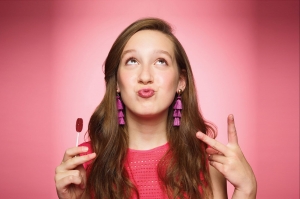 #POEConsultoresrecomienda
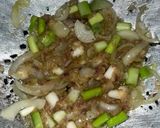 Foto langkah ke 4 dari resep Sup daging sapi.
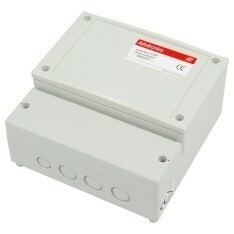 Advitronics Advitronics Interface Type 3 SIP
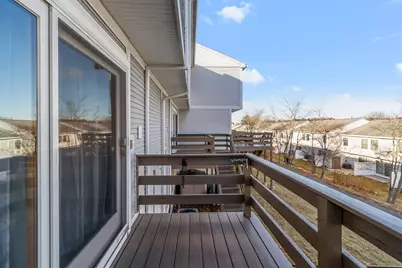 98 Northridge Rd #98, Beverly, MA 01915 - Photo 29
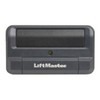 Liftmaster 811LM Single Button Remote Control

______________________________

**Try it:**
Hand back all the entries exactly, leaving out the pictures.

**Exercise result:**
 #POEConsultoresrecomienda
 Foto langkah ke 4 dari resep Sup daging sapi.
 Advitronics Advitronics Interface Type 3 SIP
 98 Northridge Rd #98, Beverly, MA 01915 - Photo 29
 Liftmaster 811LM Single Button Remote Control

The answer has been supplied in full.